Metro-North Railroad station in Manhattan, New York

Marble Hill station is a commuter rail stop on the Metro-North Railroad's Hudson Line, serving the Marble Hill neighborhood of Manhattan in New York City. The station is located at 125 West 225th Street, two blocks west of the Broadway Bridge on the north side of the Harlem River, near the New York City Subway's Marble Hill–225th Street station (which serves the ).

The Marble Hill station is frequently used by commuters going to and from the Manhattan neighborhoods of the Upper West Side, Washington Heights, Hudson Heights and Inwood; about a third of the station's daily ridership disembarks at Marble Hill to transfer to the subway.

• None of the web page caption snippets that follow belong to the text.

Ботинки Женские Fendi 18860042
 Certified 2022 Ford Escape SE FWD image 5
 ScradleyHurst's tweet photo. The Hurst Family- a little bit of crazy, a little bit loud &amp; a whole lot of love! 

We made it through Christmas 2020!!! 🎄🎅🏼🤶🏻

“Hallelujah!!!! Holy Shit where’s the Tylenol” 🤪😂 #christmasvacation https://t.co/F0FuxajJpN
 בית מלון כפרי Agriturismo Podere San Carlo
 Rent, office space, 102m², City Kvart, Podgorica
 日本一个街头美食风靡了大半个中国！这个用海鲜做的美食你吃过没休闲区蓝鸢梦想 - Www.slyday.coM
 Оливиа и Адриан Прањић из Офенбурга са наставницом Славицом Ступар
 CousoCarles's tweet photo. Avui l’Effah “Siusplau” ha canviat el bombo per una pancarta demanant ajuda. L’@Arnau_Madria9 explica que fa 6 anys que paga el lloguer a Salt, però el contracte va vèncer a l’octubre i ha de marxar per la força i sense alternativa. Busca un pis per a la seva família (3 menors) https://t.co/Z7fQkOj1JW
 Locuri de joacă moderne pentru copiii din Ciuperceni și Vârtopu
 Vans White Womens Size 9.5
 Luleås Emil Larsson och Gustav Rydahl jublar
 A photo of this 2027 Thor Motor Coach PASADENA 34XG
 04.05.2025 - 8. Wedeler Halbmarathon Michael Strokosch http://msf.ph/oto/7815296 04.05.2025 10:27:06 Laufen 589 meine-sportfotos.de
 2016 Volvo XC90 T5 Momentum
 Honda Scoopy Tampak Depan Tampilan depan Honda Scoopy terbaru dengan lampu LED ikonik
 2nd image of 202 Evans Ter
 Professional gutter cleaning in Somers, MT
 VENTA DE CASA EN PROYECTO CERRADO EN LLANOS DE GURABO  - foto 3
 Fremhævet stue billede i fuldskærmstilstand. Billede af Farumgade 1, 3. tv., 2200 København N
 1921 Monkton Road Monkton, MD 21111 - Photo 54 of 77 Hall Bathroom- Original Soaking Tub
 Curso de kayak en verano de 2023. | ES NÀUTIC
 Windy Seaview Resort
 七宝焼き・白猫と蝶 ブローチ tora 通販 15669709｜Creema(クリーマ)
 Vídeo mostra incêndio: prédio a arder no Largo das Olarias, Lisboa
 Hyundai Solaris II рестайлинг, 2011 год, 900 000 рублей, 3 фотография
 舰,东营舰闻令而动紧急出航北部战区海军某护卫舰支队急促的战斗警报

Marble Hill used to be one of four express stations on the Hudson Line south of Croton–Harmon; most trains stopped there, except for peak-hour trains to and from Poughkeepsie. However, as of 9 November 2014, the only express trains that stop there are a few reverse peak trains in the morning, though most trains originating in or terminating at Croton do stop at the station.

==History==
Prior to the construction of the Harlem River Ship Canal, the Hudson Line went around Marble Hill, and the nearest station was a station in the Bronx named Kingsbridge, which was also the name of a nearby station on the New York and Putnam Railroad. Between 1905 and 1906 the New York Central and Hudson River Railroad realigned the tracks along the north coast of the canal and built Marble Hill station on the east side of the Broadway Bridge. As with the rest of the stations along the Hudson Line, the station became a Penn Central station upon the merger between NYC and Pennsylvania Railroad in 1968. Penn Central continued commuter travel until it was taken over by Conrail in 1976, which at some point, moved the station to the west side of the bridge before the station and commuter line was taken over by Metro-North Railroad in 1983.

==Station layout==
The station has one narrow, 4-car-long high-level island platform accessible by enclosed stairway from West 225th Street.

Until the late 1970s the station lay east of the Broadway Bridge with two low-level side platforms serving a four-track line, providing a more direct connection to the bridge sidewalk via a short flight of steps. However, the current location west of Broadway is closer to the residential section of Marble Hill and the downtown platform of the subway. The former northbound express track was removed.